I sent a continuous spray of Clean Linen beneath the bed. The forest creature emerged, darted around, realized it was trapped, and returned to its hiding place.

Now emboldened, I flipped up the bed, revealing the beast. I sprayed furiously. It fled, crashing into a carefully-placed picture frame. Revising its route, the monster spotted an open door leading to the laundry room and the freedom of the backyard beyond.

Bringing up the rear with my Swiffer of a shepherd's staff, I shouted at the creature as it ventured outside my walls.

Sneaking behind the washing machine, the squirrel did not make it to the outside. But spotting the large rat poison traps awaiting my enemy, I decided that tonight's battle was at an end. I returned to the new-found solitude of my humble dwelling.

Tomorrow, the rebuilding will begin.

Sunday, May 4, 2008

T-Minus Ten Minutes

What's with the self-destruct button? We've seen it in Alien and Spaceballs, and the wide variety of films in between. It's fairly common knowledge by now that every spaceship has a mechanism that will make the craft explode in some magical CGI fireball, saving the day at the last possible moment. There is always an unusually friendly computer-woman counting down the seconds to imminent doom. Thanks, lady.

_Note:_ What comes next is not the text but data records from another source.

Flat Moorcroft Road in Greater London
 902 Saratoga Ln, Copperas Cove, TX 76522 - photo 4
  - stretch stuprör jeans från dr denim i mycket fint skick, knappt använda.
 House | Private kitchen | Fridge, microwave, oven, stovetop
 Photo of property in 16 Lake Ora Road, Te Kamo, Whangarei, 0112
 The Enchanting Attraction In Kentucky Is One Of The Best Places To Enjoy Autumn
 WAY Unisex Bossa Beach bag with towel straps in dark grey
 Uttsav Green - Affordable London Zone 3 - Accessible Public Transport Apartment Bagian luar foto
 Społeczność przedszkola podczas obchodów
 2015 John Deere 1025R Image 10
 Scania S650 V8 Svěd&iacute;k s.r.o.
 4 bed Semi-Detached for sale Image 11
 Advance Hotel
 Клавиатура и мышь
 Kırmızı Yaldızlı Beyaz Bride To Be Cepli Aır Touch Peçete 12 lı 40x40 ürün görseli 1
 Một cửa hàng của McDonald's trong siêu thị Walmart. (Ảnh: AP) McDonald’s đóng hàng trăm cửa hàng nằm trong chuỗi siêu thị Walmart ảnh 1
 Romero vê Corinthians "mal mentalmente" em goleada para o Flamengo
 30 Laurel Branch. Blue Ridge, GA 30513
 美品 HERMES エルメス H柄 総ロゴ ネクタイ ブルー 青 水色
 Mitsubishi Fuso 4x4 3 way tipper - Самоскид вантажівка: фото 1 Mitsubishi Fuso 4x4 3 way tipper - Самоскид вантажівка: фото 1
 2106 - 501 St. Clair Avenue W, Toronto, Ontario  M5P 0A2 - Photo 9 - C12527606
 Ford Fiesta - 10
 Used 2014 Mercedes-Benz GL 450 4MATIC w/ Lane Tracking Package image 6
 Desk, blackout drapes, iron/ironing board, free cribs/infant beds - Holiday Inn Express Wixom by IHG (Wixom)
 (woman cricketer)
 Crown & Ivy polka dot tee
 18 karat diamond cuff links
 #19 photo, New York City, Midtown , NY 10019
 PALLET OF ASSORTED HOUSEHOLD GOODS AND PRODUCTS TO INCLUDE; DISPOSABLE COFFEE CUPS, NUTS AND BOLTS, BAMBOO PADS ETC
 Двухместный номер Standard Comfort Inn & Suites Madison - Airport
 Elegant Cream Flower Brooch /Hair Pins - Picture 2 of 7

But would any reasonable design/construction company purposely build this function into a spaceship of such gargantuan size? They're presumably spending at least several billion spacebucks on it. Why allow it to so easily be destroyed? Especially a large battle-spaceship that's begging to be infiltrated by terrorist/rebel forces? Why take that chance? Why not just train your fucking staff not to get over-run by aliens with blood made of acid? That's got to be easier.

Don't get me started on the Death Star.

Also, do real spaceships have self-destruct buttons? I have to hope that despite their many incompetencies, the bureaocracy of the U.S. government would never build such a mechanism into the space shuttle. (Besides, anyone who's seen Contact knows astronauts get cyanide capsules anyway.) Even the Russians and Chinese can't be dumb enough to invest so much time, effort and money in something that can be exploded with the push of a big red button.

But think for a moment of the infamous Polish navy. Surely you wouldn't be surprised if the same people who brought us the screen-door-submarine also put a self-destruct button on a spaceship. Is this what we should learn from science fiction? Is Poland destined to become Earth's technological superpower?

If you're looking for me, I'll be in my basement hoarding solar-powered flashlights.